An Interview With Vienna Teng by Collected Sounds
Photo by Adam Tow
Where are you based?/Where did you grow up?
I’ve lived in the San Francisco Bay Area all my life. Grew up in Silicon Valley, went to Stanford University, now living and working in the same endless suburbia, with occasional trips up to San Francisco proper. I’ve been itching to move somewhere else for years, just to have a change of scene, but I know I’m going to miss it terribly when I leave. It’s home.
Tell us a little about how you got interested in music and when you started writing/playing.
Oh, that started way back, in the pre-cognizant years. According to my parents, I started singing before I could really talk — I’d listen to the record player and sing back the melodies note for note, but the words would be absolute gibberish. And I’d climb up on the piano bench of whoever’s house we happened to be visiting and plunk on the keys. When my dad asked me if I wanted piano lessons, I said yes, and ended up taking them for twelve years pretty much without complaining. I wrote my first song when I was six, I think. It was a little thirty-second piano piece called “Church Song.” And I wrote my first song with lyrics when I was thirteen, but I’m not going to share that with you because the words are too embarrassing.
Describe your first performance (time, place and any feelings that went with it).

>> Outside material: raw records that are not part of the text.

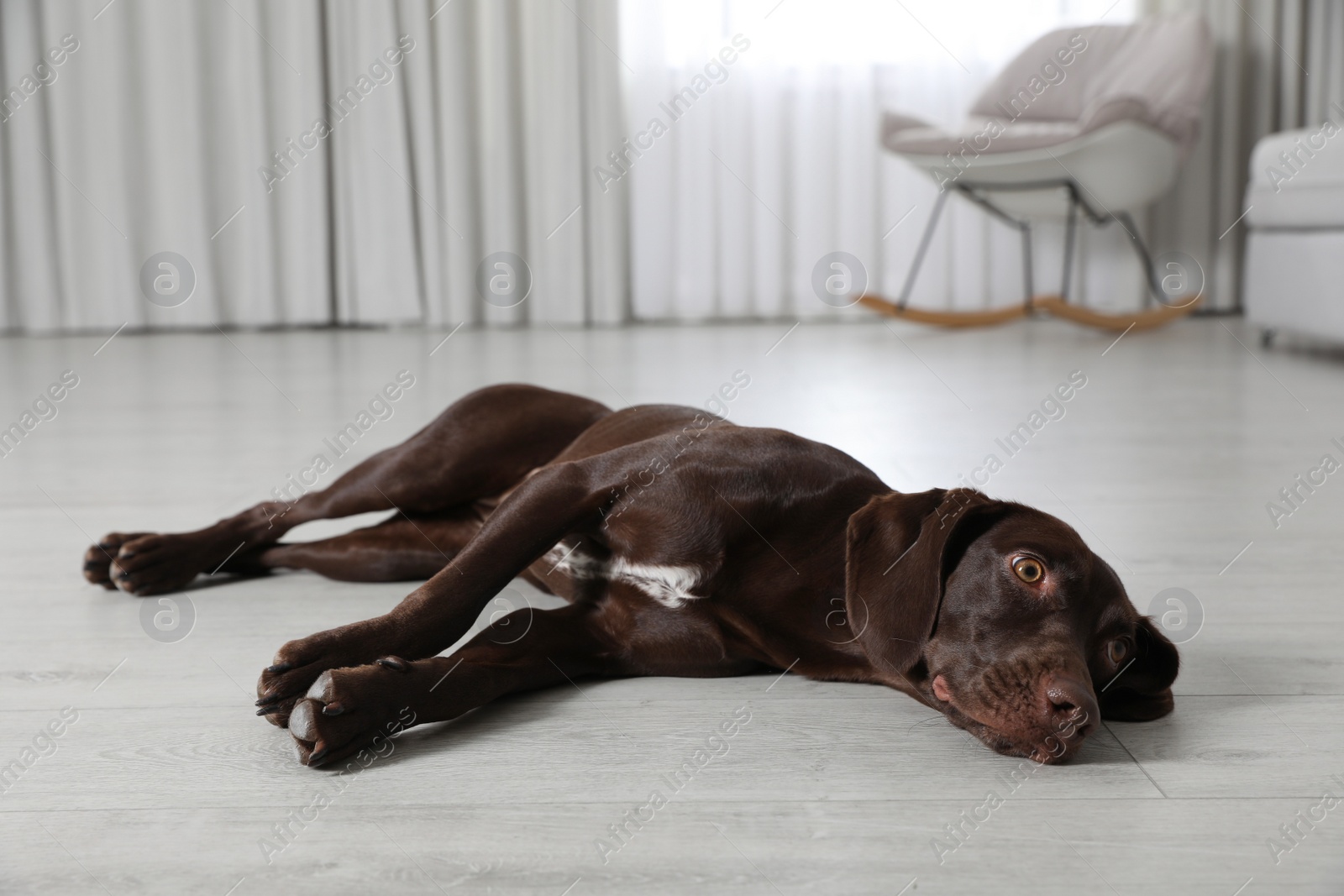 Photo of Cute German Shorthaired Pointer dog resting on warm floor. Heating system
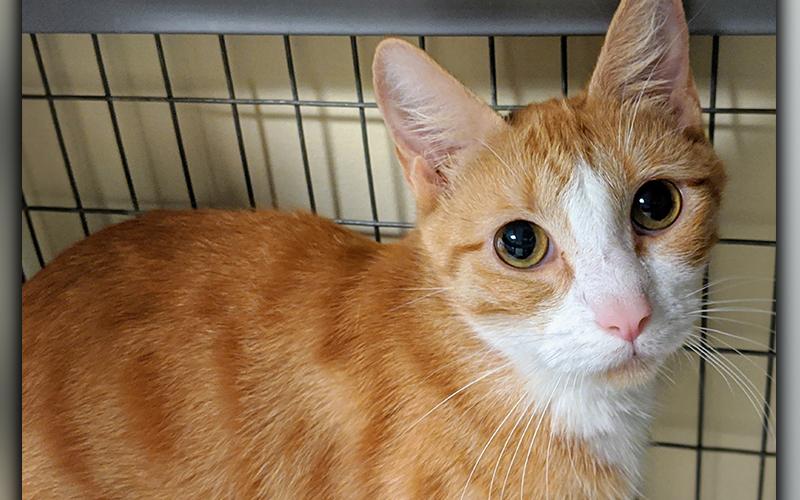 The Humane Society of Blue Ridge cat of the week is Hope. She is a one-year-old orange and white beauty who loves to talk to people, is fun loving and plays with anything that moves. She is spayed, microchipped and current on her vaccinations. More information is available by calling the Adoption Center at 706-632-4357.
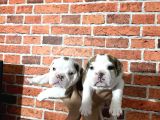 A kalite  ingiliz buldog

I don’t know if I can really remember my first performance. It depends on what “first,” I guess. I had my first piano recital when I was six, and it terrified me. I played one of my own songs in a school talent show when I was in fourth grade and that terrified me too. It’s a recurring theme: I perform, I get terrified. It still happens. I enjoy it most when the audience sort of sneaks up on me. I used to play in the lounge of my college dorms, and sometimes I’d go through a couple of songs and look up to find a little crowd gathered around the piano, just listening. Those are my favorite kinds of performances. But I guess I’ll have to get used the expectant-audience way of doing things eventually.
How would you describe your style of music and who are your musical influences?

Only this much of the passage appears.